The regulations set forth in HIPAA were first instituted because of abuse which occurred with patient’s health information. This information is supposed to remain confidential, and when confidentiality is breeched damage to a person can occur. For instance, an employee might not hire an individual based on health conditions. Another abuse occurs when personal health information is sold simply for marketing purposes. To alleviate the damage and abuses, HIPAA was established on a national level to protect the health rights of individuals.

What are patient rights?

HIPAA provides a set of rights, or privacy protections to patients when it comes to their health information. Patient rights include:

  • Being able to obtain and inspect personal health records
  • Correct or change errors that may be found in health records
  • Be informed of any disclosures of health information
  • Restricting certain disclosures
  • Receiving communication from covered entities through alternative means

These are the types of rights that are afforded to individuals under HIPAA’s framework. Entities must convey these rights to patients.

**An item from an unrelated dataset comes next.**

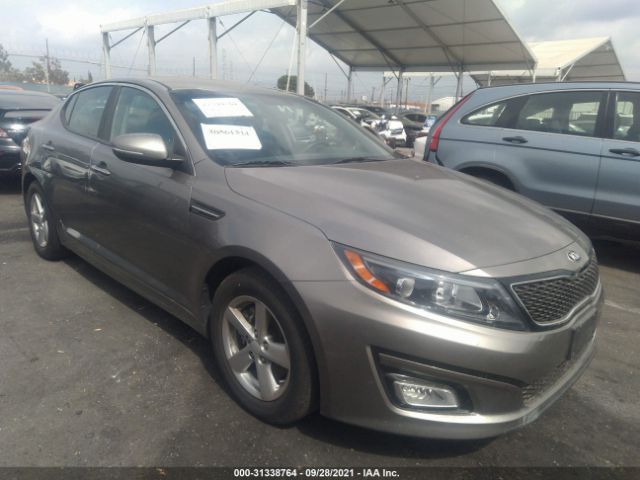 KIA OPTIMA 2015 5xxgm4a78fg424474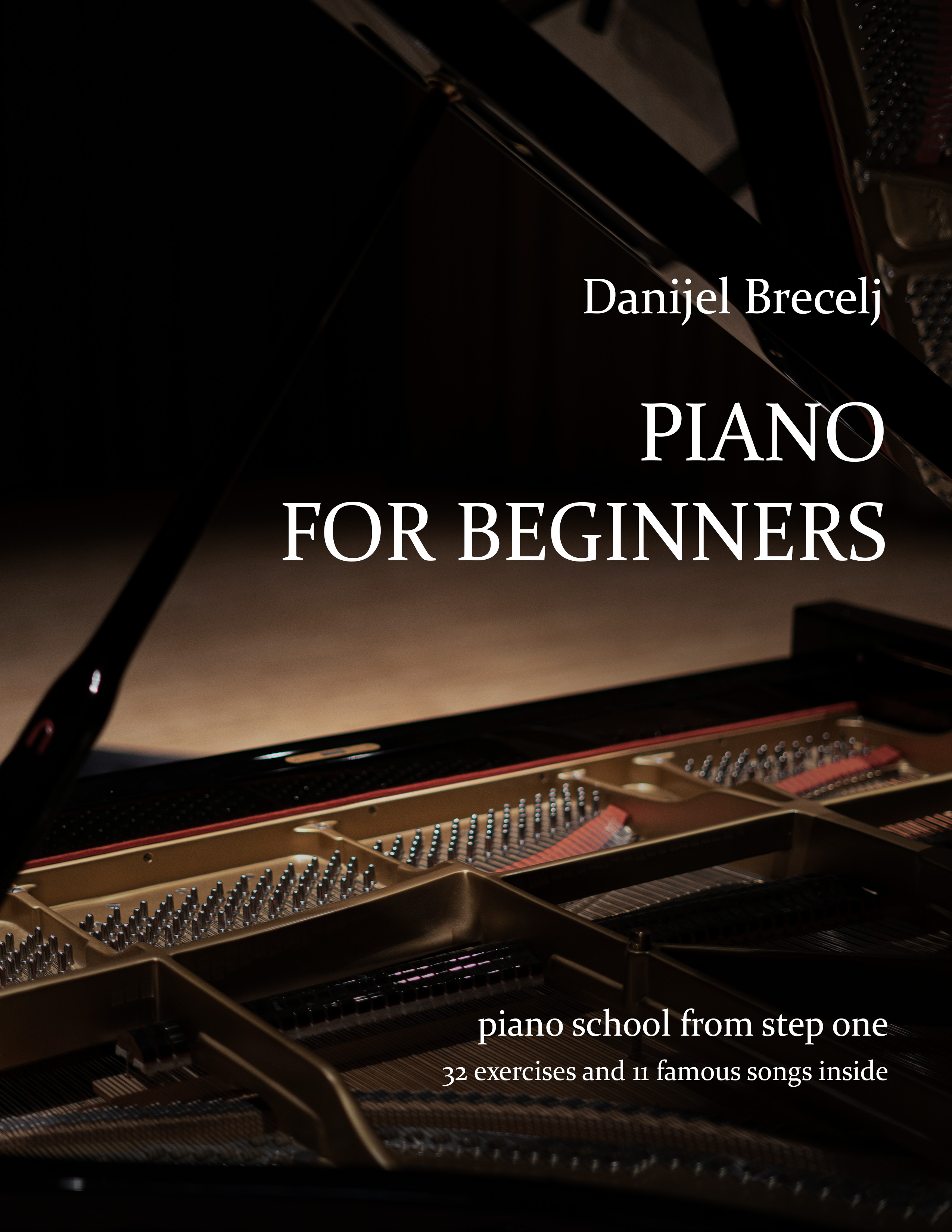 Piano School for beginners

Fair Notice of Privacy Practices

Patients have the right to receive a “Notice of Privacy Practices” from a covered entity. This is perhaps the most visible part of HIPAA for the average patient. HIPAA requires that privacy notices be given each patient and that they be written in purely understandable language so they are easily understood. Even though each provider can use their own content to explain their practices with regards to privacy, they must have this statement prominently displayed on the notice:

This notice describes how medical information about you may be used and disclosed

And how you can get access to this information.

Please review it carefully.

Other requirements include how disclosures are to be made and how the patient’s health information is used. Anyway in which the entity plans on using health information must be disclosed in the notice. They must also give practical examples such as “we may use or disclose health information to another health care provider or physician who is providing treatment to you.”

Patient Responsibilities

A patient must be given the notice of privacy practices the first time they come in contact with an entity, and anytime the policies are changes. The patient must sign in acknowledgement of the receipt of the notice. In many cases, they must also sign a consent form. They must also be given the proper procedures for complaints about privacy practices and be given the opportunity to agree or object to the use of their health information in the ways disclosed.